I think you’re right. I’ve actually never seen a Tarzan movie until now though, but I obviously know the story.
This just felt pretty average, and a slog to get to the fun. There is fun here, but not enough of it.
somehow this is making a lot of money though, go figure
I second Parlor of Horror’s sentiments. I couldn’t agree more and that’s why I have stayed away from this. What is it exactly doing differently? Apparently nothing.
I still had interest, but probably because as stated, I had never seen a Tarzan movie before, shockingly.
It does little different, so you’re validated in staying away.
On another, but related, note, can we get Christoph Waltz to stop playing villains? That’s FOUR straight films now in which he’s done so and it is starting to feel weird and I may begin to start having trouble taking him seriously anymore.
Yeah it’d be nice to see Waltz do something not overtly villainous for a change. He’s good but let’s not get him typecast, people!
Can’t say I’m in a rush to see this. Yet another retelling of the Tarzan story just not needed. On top of that, the trailer looks terrible. Now that you tell me it’s boring, I have even less incentive to watch this. Maybe one day, if it’s streaming on Netflix or something, but I won’t go out of my way to see it.
I actually got into this show for free! There was some issue with screens (The Secret Life of Pets was apparently playing the same scene as this was…I still don’t know what happened specifically but my theater couldn’t print tix or charge) so they just let all 5 of in for free. So, didn’t pay anything and I’m glad I didn’t.

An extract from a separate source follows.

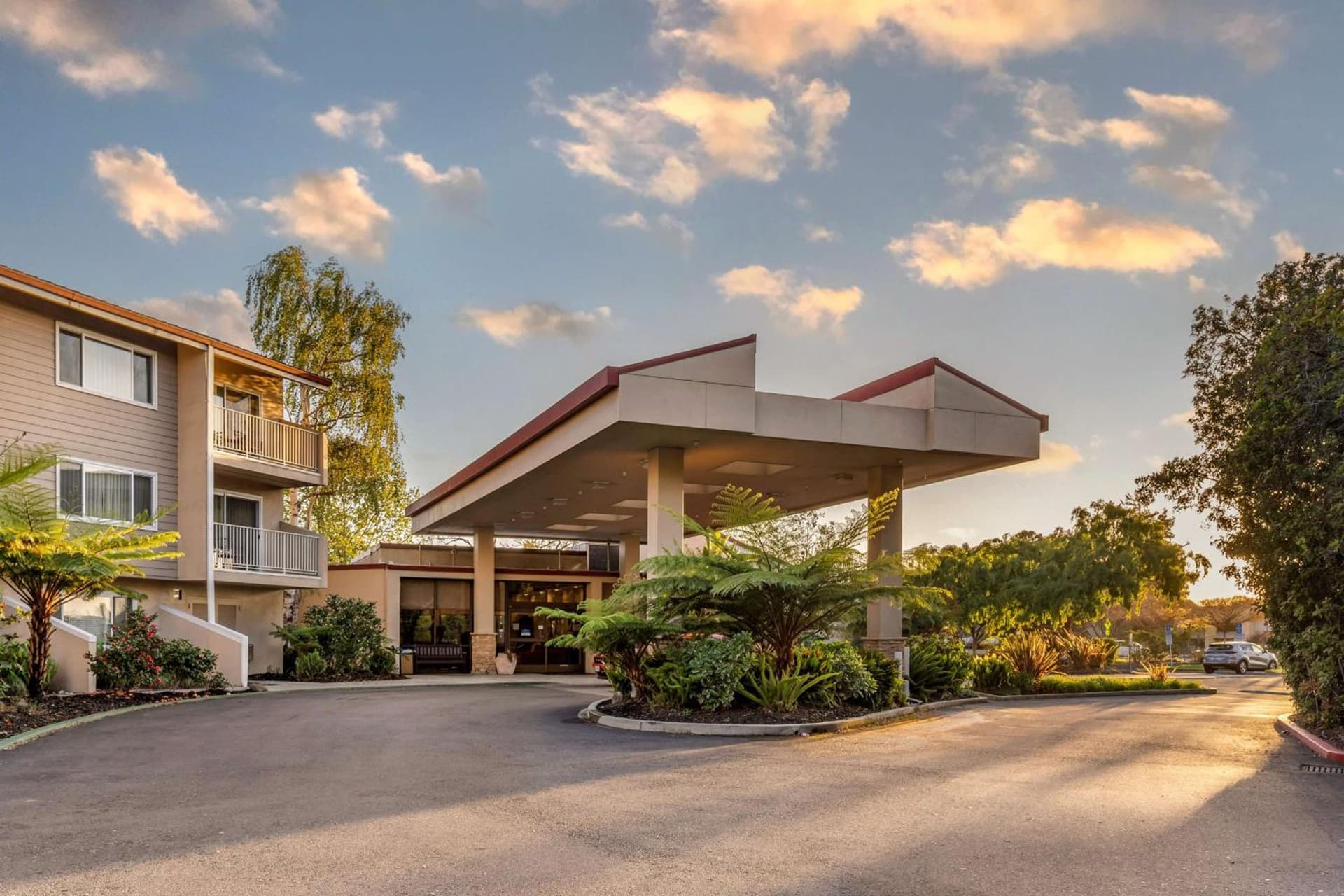 Best Western Plus Garden Court Inn — hotel in Fremont, California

Hated the trailer. Avoiding the movie.
You’re not missing much. Some fun but it does take a long time to get to.
It does indeed show signs of fun and excitement. But as you say, it should be as flat as it is for certain stretches. I think its blandness is the biggest issue. It isn’t a horrible film. Just nothing that sets itself apart or causes itself to stand out.
I did expect worse. But average can be just as much of a bad thing (or worse, sometimes) than a bad film. Doing surprisingly OK (still a ways to go to make up budget) at the box office with international markets still yet to be released in. But I don’t think a sequel is needed.

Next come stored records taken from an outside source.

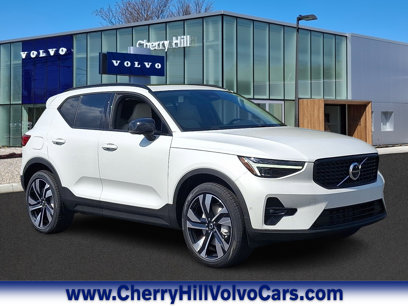 New 2025 Volvo XC40 B5 Ultra w/ Protection Package Premier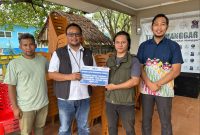 Perwakilan PT Timah menyerahkan bantuan kepada komunitas Teras Manggar Kabupaten Belitung Timur | Foto: Zonamu/Humas PT Timah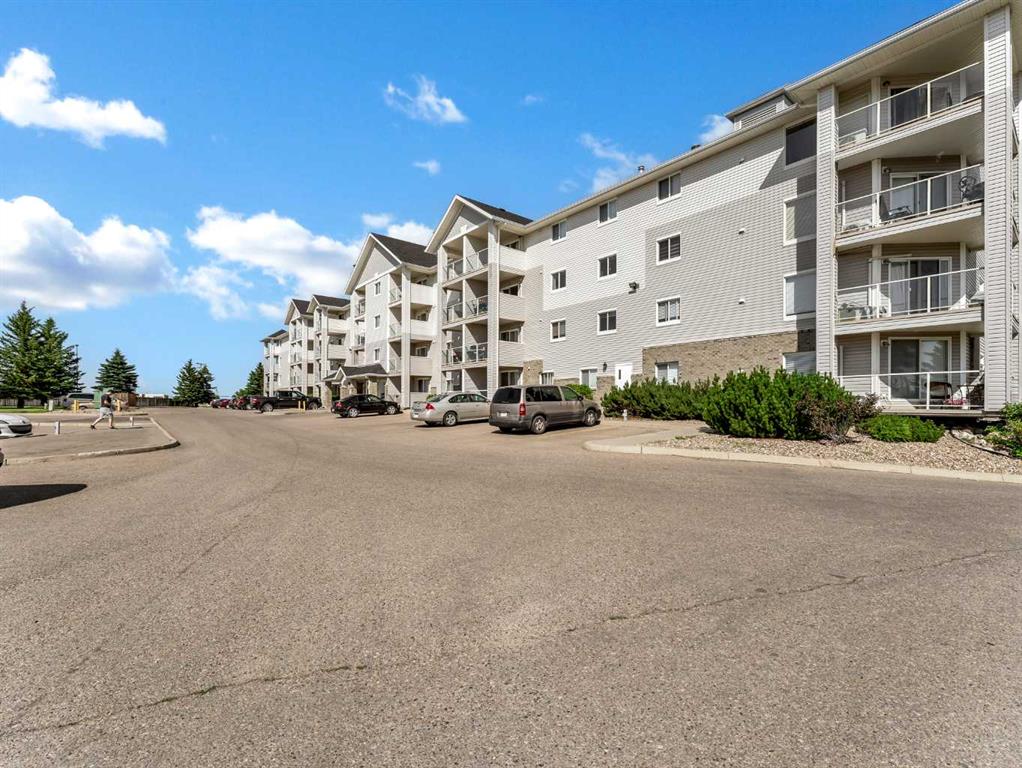 215, 1648 Saamis Drive NW, A2317284, Alberta,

I had this pegged as the biggest bomb of 2016. (Who knew The BFG would do even worse?) Tarzan cost $180 million to make even before marketing which is a ridiculous amount to invest in this character. Yet, it’s actually doing decent business. In a summer where movies struggle just to clear $100M, this will easily do that and then some.
And yet the trailers didn’t appeal to me. I’m inclined to side with your review. Possibly a rental at some point.
Minus the BFG (still need to see), family friendly movies along with low budget horror (and of course Captain America) seem to be the only certainties at the box office this summer. Aside from the random overperformer such as Central Intelligence, everything else seems to have done meh or leave in 3 weeks.
I do think starting with Star Trek Beyond on the 22nd, then Jason Bourne and ending with Suicide Squad, a profitable three weeks should be in order. People are HUNGRY for a good summer action blockbuster. That is our best stretch to get one.
Box office for this is surprising to me as well. There’s some fun, but only during the second half did I get some fun. Kind of a bore, otherwise, that I have no real interest in viewing again.
Oh man, this does not look good!
A rental if you are so inclined to do so, good sir.